Presenters — including Ed Penhoet, a co-founder of Chiron Corp. and a former dean of SPH — will support the school in its annual recognition of innovative leaders who have made meaningful contributions to the protection and promotion of the public’s health. For information about the Public Health Heroes Awards ceremony, visit www.publichealthheroes.org.
International Hero: Paul Farmer
Medical anthropologist and physician Paul Farmer is being honored for his dedication to treating some of the world’s most impoverished populations and raising the standard of healthcare in poor areas of the world. Farmer is the Maude and Lillian Presley Professor in the Department of Global Health and Social Medicine at Harvard Medical School and a founding director of the international nonprofit organization Partners in Health. He is an attending physician in infectious diseases and associate chief of the Division of Global Health Equity at Brigham and Women’s Hospital in Boston. Farmer and colleagues have pioneered novel, community-based treatment strategies for AIDS and tuberculosis and have successfully challenged the policymakers and critics who claim that quality healthcare is impossible to deliver in resource-poor settings.
National Hero: John Wennberg
John Wennberg is being honored for his leadership in pointing the way for cost-reduction and efficacy improvements in the U.S. healthcare system. Wennberg is the Peggy Y. Thomson Professor in the Evaluative Clinical Sciences and founder and director emeritus of the Dartmouth Institute for Health Policy and Clinical Practice. He is also a professor of community and family medicine (epidemiology) and professor of medicine at Dartmouth Medical School, and the founding editor of The Dartmouth Atlas of Health Care, which examines the patterns of medical-resource intensity and utilization in the United States. The Atlas project has also reported on patterns of end-of-life care, inequities in the Medicare reimbursement system, and the underuse of preventive care.
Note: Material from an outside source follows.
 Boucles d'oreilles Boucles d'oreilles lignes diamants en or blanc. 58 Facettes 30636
Regional Hero: Betty Moore
Betty Moore is being honored for her contributions to improving the quality of nursing care and the nursing workforce in California and for setting an example for the nation at large. She and her husband, Gordon, established the Gordon and Betty Moore Foundation, which seeks to develop outcome-based projects to improve the quality of life for future generations. Betty Moore provided the vision and leadership that led the foundation to approve the 10-year Betty Irene Moore Nursing Initiative, which aims to improve patient safety and outcomes through nurse-led initiatives in acute-care hospitals within five San Francisco Bay Area counties.
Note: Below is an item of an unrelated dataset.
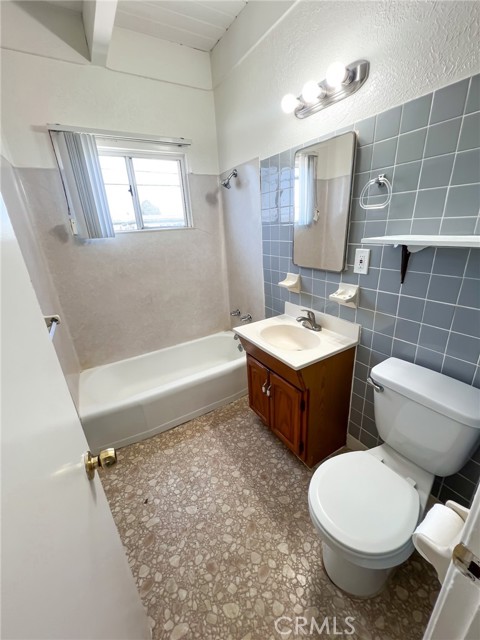 2102 S PACIFIC AVE, San Pedro CA: https://media.crmls.org/medias/420bf44b-4bba-4eca-88c6-863f0d633b24.jpg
Organizational Hero: WiRED International
WiRED International is being honored for its achievements in using information technology to provide up-to-date health education and medical information in developing, post-conflict, and isolated regions of the world. WiRED International brings vital information to communities coping with the challenges of war, poverty, and dislocation. Its Medical Information Centers supply isolated doctors and other healthcare professionals with computers, Internet access, medical curricula, and collaboration with well-trained doctors in developed countries. Its Community Health Information Centers connect people at the grassroots level to interactive computer-based information — often the only source of health information available to them.